ABERDEEN, S.D. — A South Dakota federal judge on Nov. 9 refused to vacate a man’s convictions for sexually assaulting children after finding in part that the man failed to show that he was prejudiced by his counsel recommending that he stipulate to the Indian status of the victims and that the crimes occurred in Indian country (Dashown Raymond Keys v. United States, No. 20-1013, D. S.D., 2020 U.S. Dist. LEXIS 210905).
DENVER — A former employee of a tribal school nonprofit business cannot pursue pregnancy discrimination claims because the business meets the definition of “Indian tribe” for purposes of the 1964 Civil Rights Act and the Americans with Disabilities Act (ADA), creating a lack of subject matter jurisdiction, the 10th Circuit U.S. Court of Appeals held Nov. 10 (Kim R. Jim v. Shiprock Associated Schools, Inc., No. 19-2100, 10th Cir.).
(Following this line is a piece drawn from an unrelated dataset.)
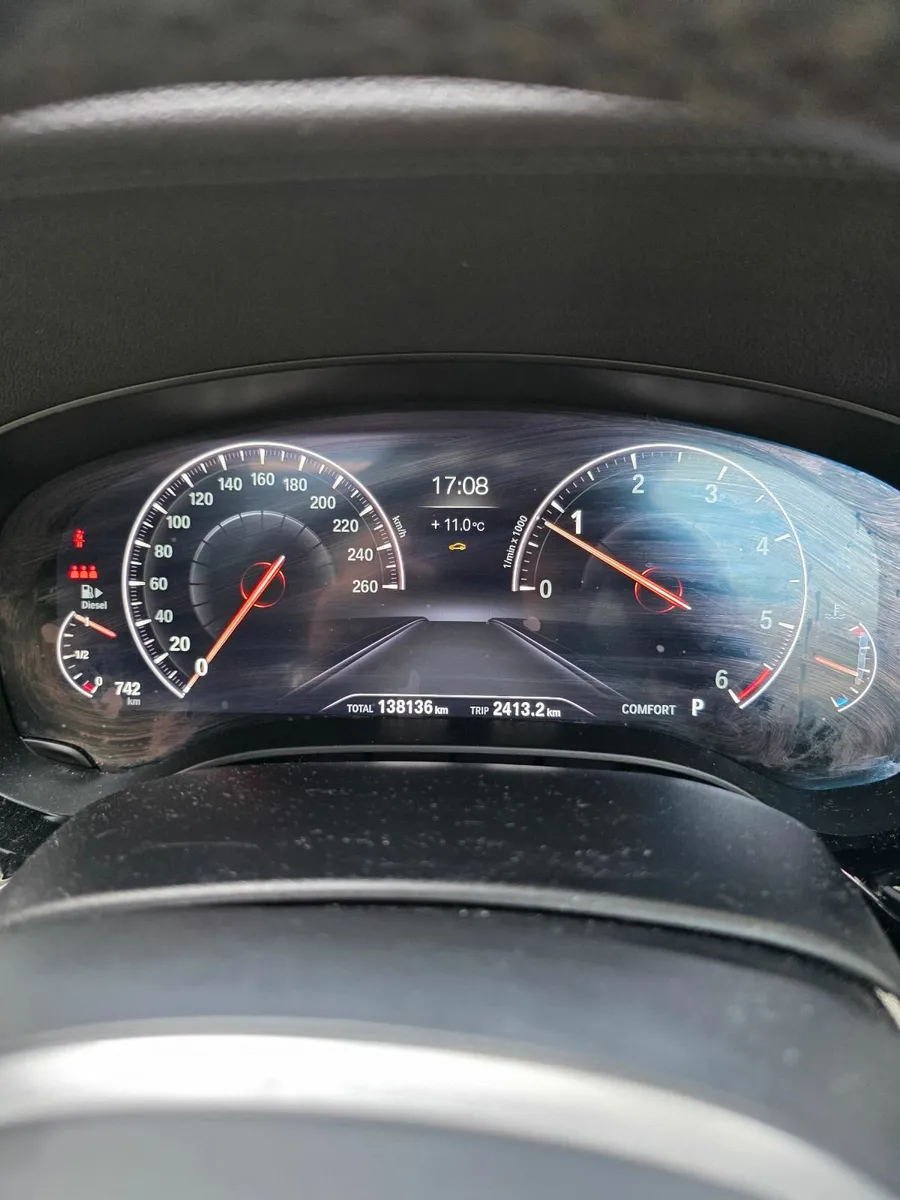 BMW 5-Series 2019 Estate - Image 3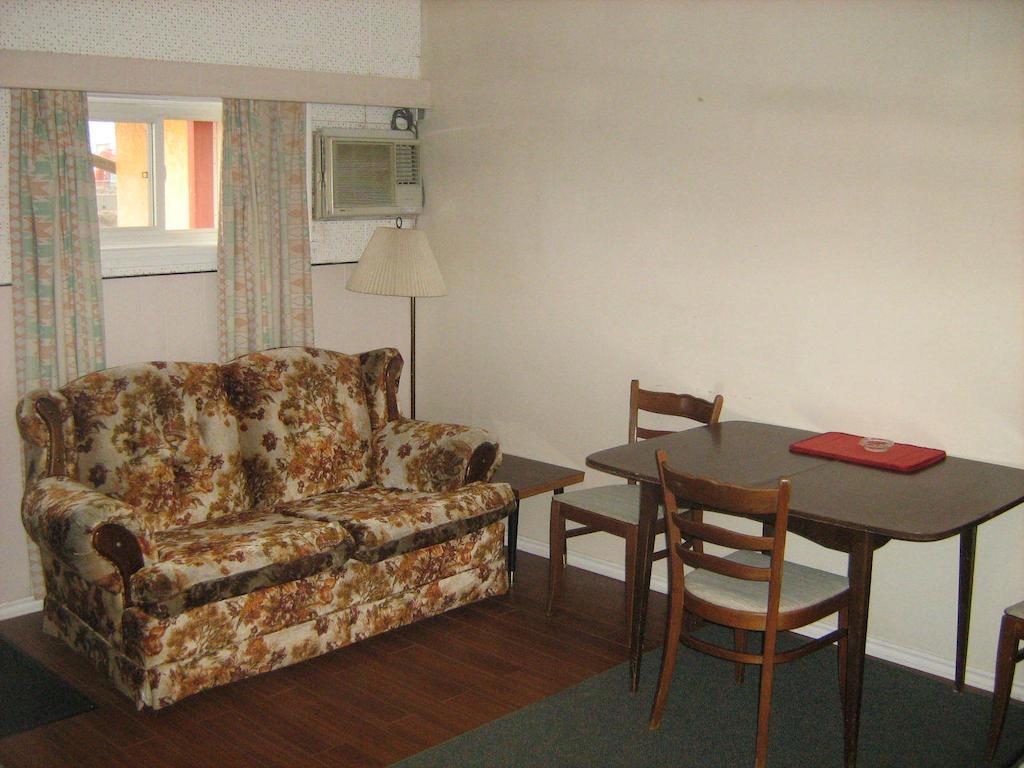 Airport Inn Quesnel Δωμάτιο φωτογραφία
SALEM, Ore. — The state of Oregon, the United States, a Native American tribe and an electric utility on Oct. 20 filed briefs opposing a mandamus petition by 45 water rights holders asking the Oregon Supreme Court to direct an adjudication court to comply with state civil and evidentiary law regarding the Klamath River Basin (In Re Waters of the Klamath River Basin, No. S067998, Ore. Sup.).
BILLINGS, Mont. — A Montana federal magistrate judge on Nov. 9 denied a motion by the individual operators of a Native American nursing home to stay a former employee’s wrongful termination lawsuit, finding that the U.S. government has had enough time to act on the defendants’ request to issue a certification so the United States can step in as the defendant (Tammy Wilhite v. Paul Littlelight, et al., No. 19-20, D. Mont., 2020 U.S. Dist. LEXIS 209363).
SAN FRANCISCO — A Ninth Circuit U.S. Court of Appeals panel on Nov. 6 mostly affirmed a federal court’s placement in a residential treatment facility of a Navajo Nation boy convicted of sexual assault, finding no abuse of discretion in the court’s choice of a facility (United States v. Q.J., Jr., No. 19-10330, 9th Cir., 2020 U.S. App. LEXIS 35124).